Opinion
No. 2005-04944.
August 21, 2007.
Appeal by the defendant from a judgment of the Supreme Court, Kings County (Carroll, J.), rendered January 6, 2005, convicting him of robbery in the first degree, upon his plea of guilty, and imposing sentence.
Lynn W. L. Fahey, New York, N.Y. (Erica Horowitz of counsel), for appellant.
Charles J. Hynes, District Attorney, Brooklyn, N.Y. (Leonard Joblove and Rhea A. Grob of counsel; Melissa J. Erwin on the brief), for respondent.
Before: Spolzino, J.P., Santucci, Florio and Angiolillo, JJ., concur.
Ordered that the judgment is affirmed.
The defendant's contention that his plea of guilty was not voluntary or knowing because the Supreme Court failed to make further inquiry when his allocution raised the possibility of the existence of an affirmative defense to the crime of robbery in the first degree ( see Penal Law § 160.15) is unpreserved for appellate review since the defendant did not move to withdraw his plea or to vacate the judgment on that ground ( see People v Toxey, 86 NY2d 725; People v Sandson, 6 AD3d 632; People v Gehy, 220 AD2d 527).
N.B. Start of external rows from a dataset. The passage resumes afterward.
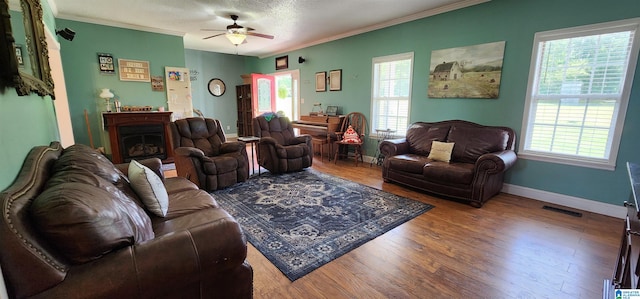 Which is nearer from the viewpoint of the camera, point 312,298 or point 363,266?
point 312,298

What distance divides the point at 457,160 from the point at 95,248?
12.2 ft

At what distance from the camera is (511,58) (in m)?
3.35

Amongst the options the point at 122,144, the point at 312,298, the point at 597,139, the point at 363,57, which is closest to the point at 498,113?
the point at 597,139

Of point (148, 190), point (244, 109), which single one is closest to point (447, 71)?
point (148, 190)

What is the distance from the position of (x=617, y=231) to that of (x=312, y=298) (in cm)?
291

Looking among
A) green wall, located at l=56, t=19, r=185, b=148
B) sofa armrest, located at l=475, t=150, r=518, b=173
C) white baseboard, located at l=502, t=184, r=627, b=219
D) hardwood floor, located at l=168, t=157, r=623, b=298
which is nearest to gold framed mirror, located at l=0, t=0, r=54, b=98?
hardwood floor, located at l=168, t=157, r=623, b=298

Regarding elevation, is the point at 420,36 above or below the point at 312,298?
above

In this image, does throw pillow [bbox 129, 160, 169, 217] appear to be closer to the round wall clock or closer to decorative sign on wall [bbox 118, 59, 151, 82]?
decorative sign on wall [bbox 118, 59, 151, 82]

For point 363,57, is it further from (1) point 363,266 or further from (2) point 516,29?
(1) point 363,266

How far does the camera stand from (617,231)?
2492 mm

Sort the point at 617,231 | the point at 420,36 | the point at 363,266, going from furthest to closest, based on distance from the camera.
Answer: the point at 420,36
the point at 617,231
the point at 363,266

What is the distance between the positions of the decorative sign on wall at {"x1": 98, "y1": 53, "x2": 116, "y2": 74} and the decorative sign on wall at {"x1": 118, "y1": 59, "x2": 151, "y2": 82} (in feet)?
0.39

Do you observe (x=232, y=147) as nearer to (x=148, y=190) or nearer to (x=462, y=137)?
(x=148, y=190)

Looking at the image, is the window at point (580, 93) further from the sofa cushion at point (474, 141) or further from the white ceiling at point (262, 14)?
the white ceiling at point (262, 14) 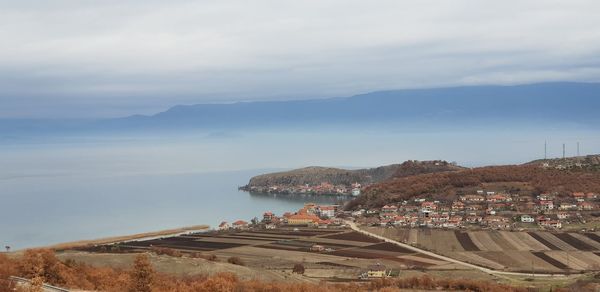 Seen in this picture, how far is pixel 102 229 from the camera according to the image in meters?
55.5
Moreover, since nothing in the allocution casts significant doubt on the defendant's guilt or otherwise calls into question the voluntariness of the plea, the narrow exception to the preservation rule ( see People v Lopez, 71 NY2d 662) is inapplicable ( see People v Sandson, supra).
The defendant's remaining contention is without merit.